03
彼女を繋ぎ止める。そう決心はしたものの、一体どうすればいいのか考えあぐねていた。今の俺と彼女は、名前も知らない一度会っただけの他人。どうにかして彼女との接点を作らなければ、繋ぎ止める事など不可能だろう。

この間一度沖矢昴として名前と接触はしてみたものの、あれはただの偶然。また名前に会えるかどうかも分からない。

彼女の行動を把握しようと思えば造作もないことだが、名前を尾行したり、下手に探りを入れたりして怖がらせるようなことだけはしたくなかった。ストーカーだと思われでもしたら、名前は恐怖で外出すらできなくなるかもしれない。今でも既に苦しんでいるというのに、彼女にさらなる追い討ちをかけることになってしまう。それでは元も子もない。

とりあえずあのスーパーに名前が行く事が分かったので、定期的に訪れ彼女を見かけたら再度声をかける、という普段の俺には全く似つかわしくない無謀な方法を取ることにした。もともと偶然見かけたところから始まったことだ。こういう手法もたまにはいいだろう。

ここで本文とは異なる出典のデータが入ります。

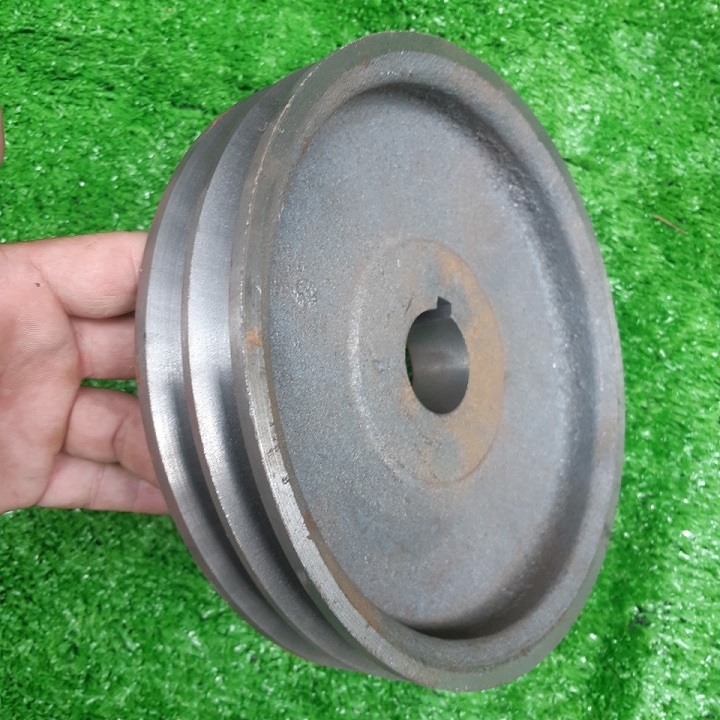 Puly 20 phân cốt 35mm 2 rãnh B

幸いにもこの手段は功を奏し、翌週の同じ時間に名前は現れた。どうやら名前も俺に気付いたようで、目が合うと力ない微笑みで軽くお辞儀をしてくれた。俺の存在自体は認識してくれているらしい。

「またお会いしましたね」
「先日はありがとうございました」

そう言ってまたお辞儀をする名前は、この間ほど俺の事を警戒している様子はなかった。相手が俺だからいいものの、これがもし本当に他の男だったら簡単に言い寄られてしまうではないか。
もう少し相手を疑ってかかれ、他人を警戒しろ、と彼女に説教したくなるが、そんな事は今の俺には言えるはずもない。まぁ今回はそのおかげで名前と接触できたので多目に見ることにした。

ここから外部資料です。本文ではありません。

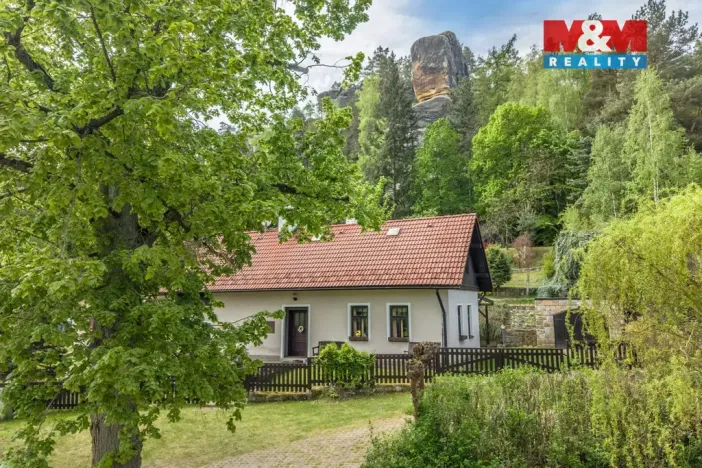 Prodej chalupy, Klokočí, 100 m2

そのまま名前と軽くお互いの話をしていたが、そういえば名前を告げていない事を思い出したので、何の脈絡もなく彼女に名乗った。

「すみません、申し遅れました。僕は沖矢昴と言います」
「あ、苗字名前です」

君の名前を知らないはずがないだろう。だが今の俺は沖矢昴だ。それを表に出すことはなく、初めて聞いたという体で話を進めた。

「名前さん……素敵な名前ですね」
「っ……ありがとうございます……」

俺の言葉に照れたようで彼女は頬を染めて俯いた。そんな名前がこんなにも愛しい。それなのに、よく名前と離れるという決断をできたもんだと自分自身に呆れ返る。





「こんにちは、名前さん」
「あ、こんにちは」

別の日。

「名前さん、奇遇ですね」
「ほんとよくお会いしますね」

更に別の日。

「あ、昴さん。今日もお買い物ですか?」
「ええ。少々足りないものがありましたので」


こうして偶然を装い彼女と何度か接触し続け、名前との距離を徐々に詰めていった俺は連絡先の交換までこぎつけた。
多少気を許した知人、いや、欲を言えば友人くらいには思ってくれているとありがたいのだが。

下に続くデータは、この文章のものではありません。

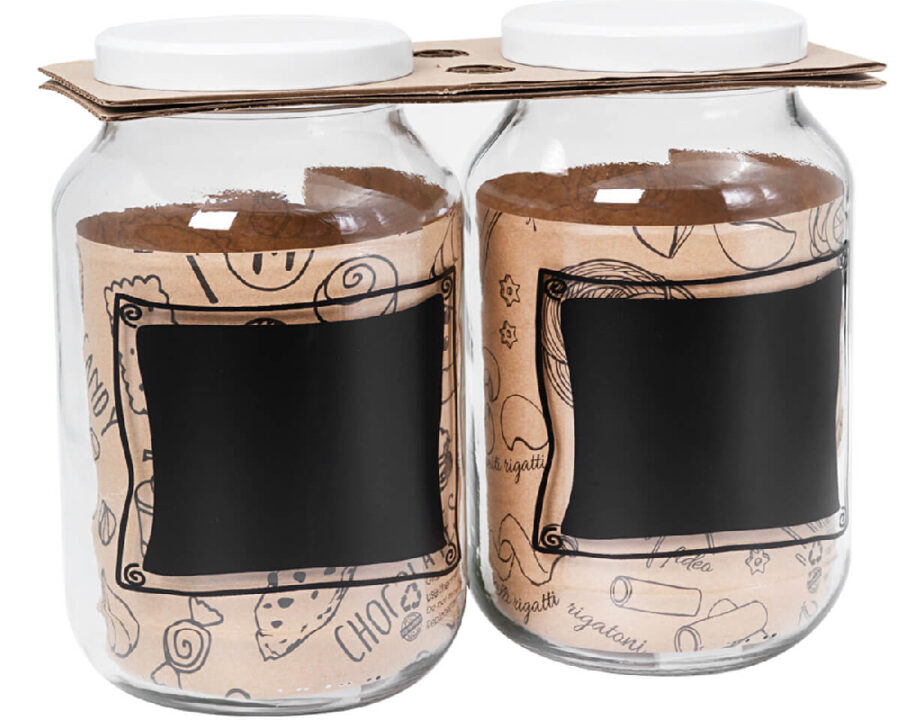 mambos-regent-chalkboard-jars-2pk-3l mambos-regent-chalkboard-jars-2pk-3l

しかし、このままではこれ以上名前と距離を縮めるのは不可能に近い。何か打開策はないだろうか。自然と彼女と話をすることができるような、いい策は。


そう思っていた時、好機は突然訪れた。

「名前さん」

帰ろうとする名前を呼び止めた。
いつも名前はゆっくり買い物をしているため時間が合わず、あからさまに彼女を待つことはできなかったが、今日はどうやら早く済ませたらしい。買い物を終えた名前は俺の前を通り過ぎようとした。名前は突然自分の名を呼ばれた事に驚いたようで、振り返った彼女は目を丸くして小首を傾げた。

「もしよろしければ、途中までご一緒させていただいてもよろしいですか?」

名前は車を持っていないし、ここは名前のアパートからはそう遠い場所ではない。きっと名前はここまで徒歩で来ていると踏んでいた。すぐに彼女の近くに寄ってそう声をかけると、名前は一瞬不思議そうな顔をしたが、「いいですよ」と返事をしてくれた。

「重いでしょうからこれは僕が持ちます」

名前の持っていたレジ袋を奪うように勝手に受け取った。名前はそんな俺に対して驚きの声をあげ、今俺が手にした自分の袋に手を伸ばす。しかし俺がそのまま離さないと分かり諦めたのか、素直にお礼を述べて共に店を後にした。